TASK REQUIREMENTS: Give back, word for word, the lines in the listing below from the one holding "TM120-1.89.9 - LATERAL STABILIZERS" down to the one holding "Dustdrive: The Lightspeed Project", both ends included.

ENTRIES SHOWN:

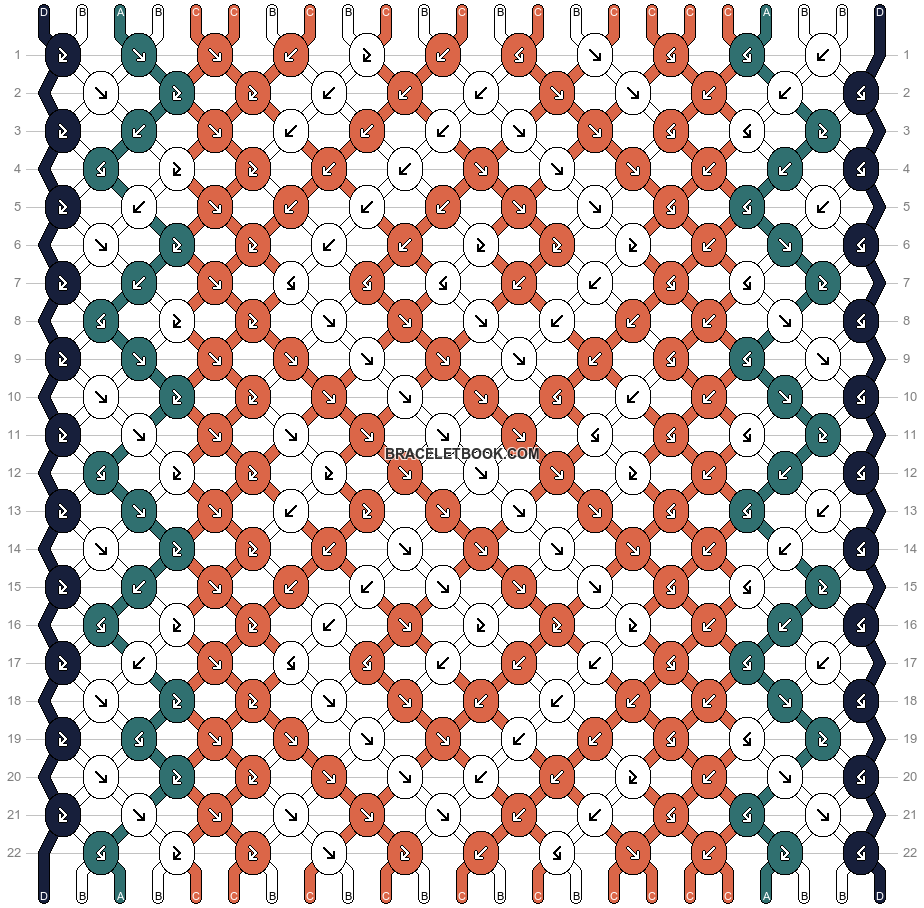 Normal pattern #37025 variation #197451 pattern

---

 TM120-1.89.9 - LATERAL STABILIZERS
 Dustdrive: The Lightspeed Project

* * *

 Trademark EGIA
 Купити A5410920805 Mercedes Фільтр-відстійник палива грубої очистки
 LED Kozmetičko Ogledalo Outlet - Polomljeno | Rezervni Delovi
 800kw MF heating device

TASK ANSWER:
 TM120-1.89.9 - LATERAL STABILIZERS
 Dustdrive: The Lightspeed Project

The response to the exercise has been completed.